The conference aims to connect people particulary the LGBTQI (Lesbian, Gay, Bisexual, Transgender, Queer and Intersex) groups across the Pacific to share information, ideas, strategy and programs affirming sexual orientation and gender identity equality in addition to building a network for advocacy and social action across the region.

About 48 individuals from various Civil Society Organizations and communities are participating in the conference in Tonga including Palau who is represented by Ms. Amanda Sasao, an LGBTQ rights advocate and founder of the LGBTQ-Palau group.

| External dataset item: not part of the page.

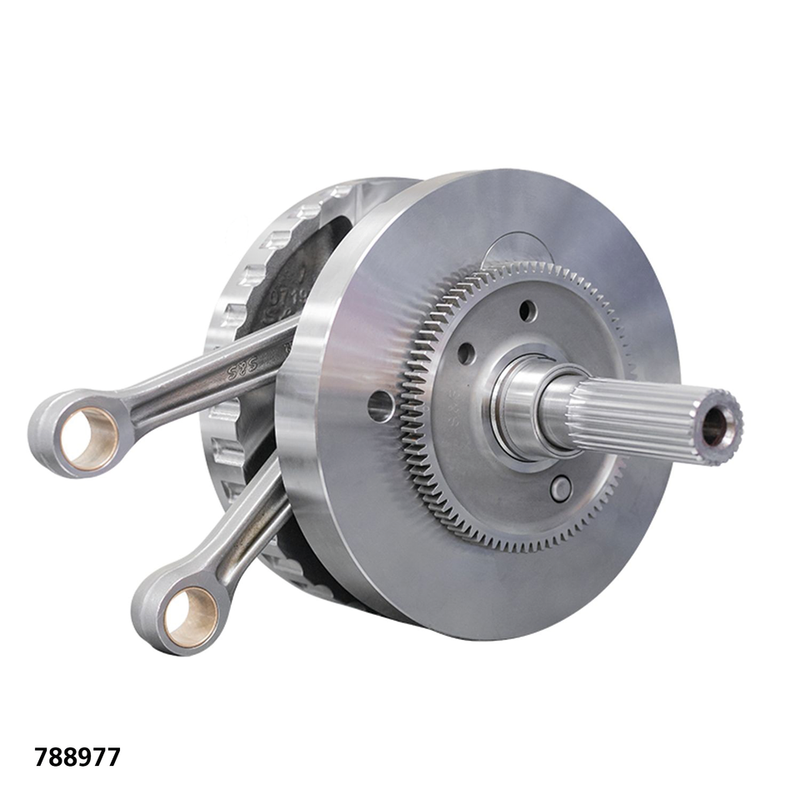 S&S Cycle Flywhl Assy 4-5/8" Str Full Width WP ME1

Asked about her experience, Sasao says it’s a moving and inspiring experience. “Coming here I’ve learned that it takes at least one person to start and everything else will follow.”

This may be the first sexual orientation and gender identity meeting that Palau has taken part in.

The conference, which started on May 11, 2015 themed “Our Voices, Our Communities, Our Rights: Advancing Human Rights related to Sexual Orientation, Gender Identity and Expression in the Pacific”, is hosted by the Pacific Sexual Diversity Network.

Amanda Sasao (right), Palau's representative with Honorable Salote Lupepau'u Tuita Taione, Princess of Tonga.

Amanda Sasao (right), Palau’s representative with Honorable Salote Lupepau’u Tuita Taione, Princess of Tonga.